Rethinking the Right's Approach to Organized Labor

This title is biting off more than I can chew.

Ever since I read Richard Freeman’s America Works, I’ve been thinking about the idea, and the value, of representation in the workplace. From Virginia Postrel to the Freelancers Union to Andy Stern, there have been a lot of interesting arguments about how to think about unionism beyond collective bargaining. A few days ago, a friend was telling me about the work of Harvard Law School’s Benjamin Sachs, and I’ve just started to dip into his work on how the labor movement is pursuing different channels to work around the narrow strictures created by the NLRA. Part of the Sachs argument — and it is related to arguments made by Stern at SEIU — is that for many workers, particularly for vulnerable low-wage workers, representation, not collective bargaining, is the key issue. Having an actor that can defend the interests of individual workers has a pretty straightforward value, particularly since we don’t have, and I don’t think we want, a regulatory panopticon. That is, basic enforcement of fair employment practices and safety standards — believe it or not, there really are employer who forbid their workers from taking reasonable bathroom breaks — might actually require an at least mildly adversarial institution.

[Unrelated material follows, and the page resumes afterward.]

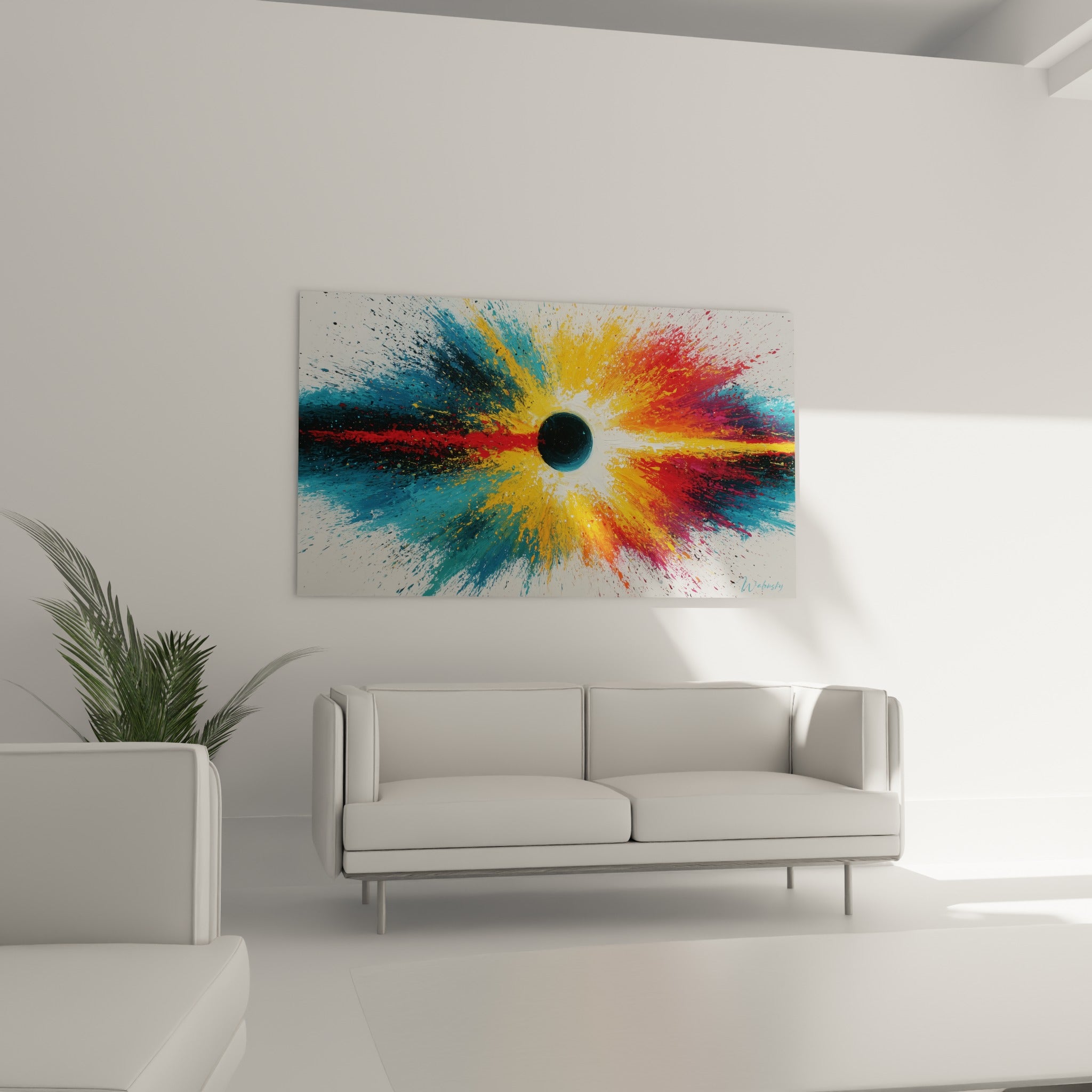 Déflagration colorée orange et bleu pétrole avec ligne rouge traversante, au-dessus d'un canapé dans un salon lumineux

This leads me to the debate over card check, where I’ve mostly been in sympathy with my team (i.e., BeP, or, “Banglo-Americans Eating Pumpkin”). The idea of the secret ballot is attractive for all kinds of reasons. But card check is separable from a whole host of other measures designed to limit the abuses of employers running counter-organizing campaigns. T.A. Frank has written a very smart article on exactly this idea for The Washington Monthly.

What most undermines the secret-ballot process is that employers can violate the law in numerous ways without consequences. Under EFCA, however, every illegal action has the potential to be costly, so firings, spying, threats, or other forms of intimidation would be less likely. Also, there is an alternative way to preserve the secret ballot while guarding against company malfeasance: expedited elections. Under current law, months can go by between when NLRB announces the results of a card check vote and when a secret-ballot election is held. If, however, this campaign window were reduced to just a few days, employers would have less opportunity to intimidate union supporters into changing their minds.

Which begs the question:

Given that card check is substantively minor, why has it come to define the entire debate about EFCA in Washington? Because it is the one element of the bill that its opponents can object to and still seem principled—it’s easier to stand up for “democracy” than for the right of companies to break labor laws without consequence.

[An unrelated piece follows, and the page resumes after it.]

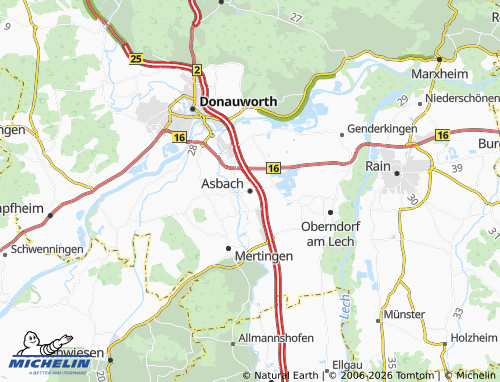 Mappa MICHELIN Asbach-Bäumenheim - ViaMichelin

Yes, and let’s not forget that some of us don’t want to just seem principled. By my lights, Frank has come up with a pretty ingenious approach. To be sure, I probably disagree with Frank regarding the salutary effects of labor unions. In my ideal world, we’d separate out the collective bargaining question, or tightly focus on enterprise-sensitive bargaining, and focus the efforts of unions/worker representatives on enforcement/fairness.

Over lunch, I was talking to a center-right Australian, who had served as kind of an intellectual architect of a reformist state government, and I was struck by his fairly warm sentiments regarding the labor unions he’s dealt with in the private sector. To state the obvious, our quirky history might lead conservatives to have a darker view of organized labor than is appropriate.